By Joe O’Leary, OYA director, and Nakeia Daniels, OYA deputy director
Late last week, the Oregon Legislature passed Senate Bill 1008, a comprehensive juvenile justice sentencing reform bill that, once signed by the Governor, will go into effect Jan. 1, 2020.
This historic reform was supported by OYA, Department of Corrections, Oregon’s Attorney General, the Oregon Juvenile Department Directors’ Association, AFSCME and SEIU, as well as many community partners and advocates. The changes are intended to make Oregon’s juvenile system fairer, help reduce victimization, and increase positive outcomes for our youth.
Here’s What Senate Bill 1008 Does:
- Requires all juveniles, including those who commit Measure 11 crimes, to have their matters start in juvenile court, but allows a prosecutor to ask a judge to decide on a case-by-case basis whether to waive the youth to adult court.
- Allows juveniles charged as adults, even those convicted of Measure 11 crimes, to be eligible for a Second Look hearing halfway through their sentence, where they can argue for conditional release.

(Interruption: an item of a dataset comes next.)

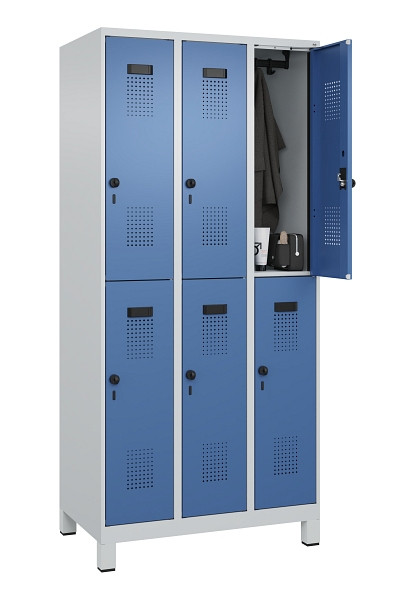 C+P Doppelstöckiger Spind Evolo PLUS, mit Füßen, 6 Fächer, 1950x900x500mm, 7035, Frontfarbe RAL 5023 Fernblau, Drehriegel, 049310-30 S10008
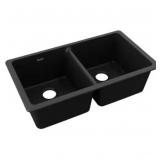 Quartz Classic 33" Undermount Dbl Bowl SInk-Black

If released, they would be supervised by adult community corrections.
- Allows a “transfer hearing” for youth who are about to transfer to adult prison at age 25 but have less than two years left in their sentence. At the hearing, they can argue for conditional release before going to DOC. If released, they would be supervised by adult community corrections.
- Eliminates life without parole sentences for juveniles by ensuring that youth have a chance for parole after 15 years of incarceration.
- Requires that judges note on the court order the age of the youth at the time of their offense.
- Provides access to trauma-informed and culturally relevant resources for victims.
As a reminder, this bill is not retroactive, which means it will not impact any youth previously sentenced or currently in our custody. It will only apply to youth with matters pending after Jan. 1, 2020.
When this bill started gaining traction in the legislature, we began convening meetings with stakeholders to discuss the ways that this measure will change how we do our work. OYA and the county juvenile departments have co-facilitated several meetings with system partners for that purpose, acknowledging that we have 25 years of new data, analytical tools, research, and partnerships to leverage. There will likely be many more of these types of conversations in the coming months as we prepare for the legislation to take effect. We feel strongly that judges, prosecutors, defenders, representatives of communities of color, and advocates for victims’ rights and youth rights need to be involved in these discussions.
The changes in this bill are historic, and we are excited about the implications for supporting future youth and preventing more victims in Oregon’s communities.